Distributed-builds
(Advanced) how to distribute ACL2 book building over a cluster
of machines.
Warning: getting a cluster set up and running smoothly is a
significant undertaking. Aside from hardware costs, it may take significant
energy to install and administer the system, and you will need to learn how to
effectively use the queuing system. You'll probably also need to be ready to
do some scripting to work around dumb problems. Think of this topic as:
some hints that may help you, not a usable guide to setting up a
cluster.
At Centaur, cert.pl is successfully used within a rocks cluster environment,
using the open-source queuing system torque
and the maui
scheduler. This clustering software allows for the submission of PBS scripts as
jobs. To support this cluster, cert.pl has certain features.

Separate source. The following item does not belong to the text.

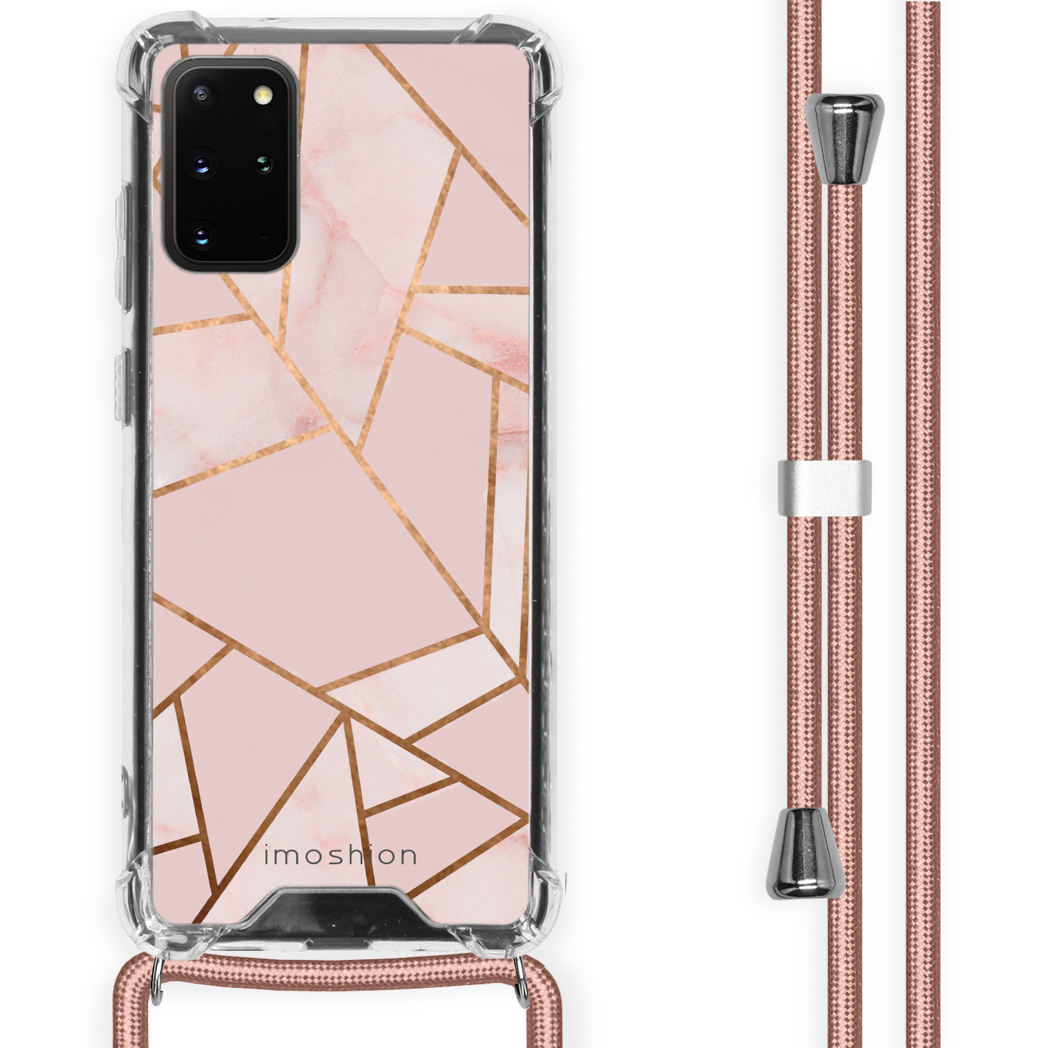 Coque de téléphone rose avec un motif géométrique doré et une sangle assortie.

Support for PBS directives
For one, cert.pl writes out a PBS script for each book it is going to
certify. These scripts look like ordinary shell scripts (so they work fine for
use in non-cluster environments), but they contain special comments that the
clustering software understands.
These comments allow you to say, e.g., how much memory a job is going to
take, so that if a job takes more than its allotted memory, the clustering
software may choose to kill it. The clustering software also uses this memory
limit to ensure that when it allocates a job to a machine, the machine will
have enough physical machine to run the job.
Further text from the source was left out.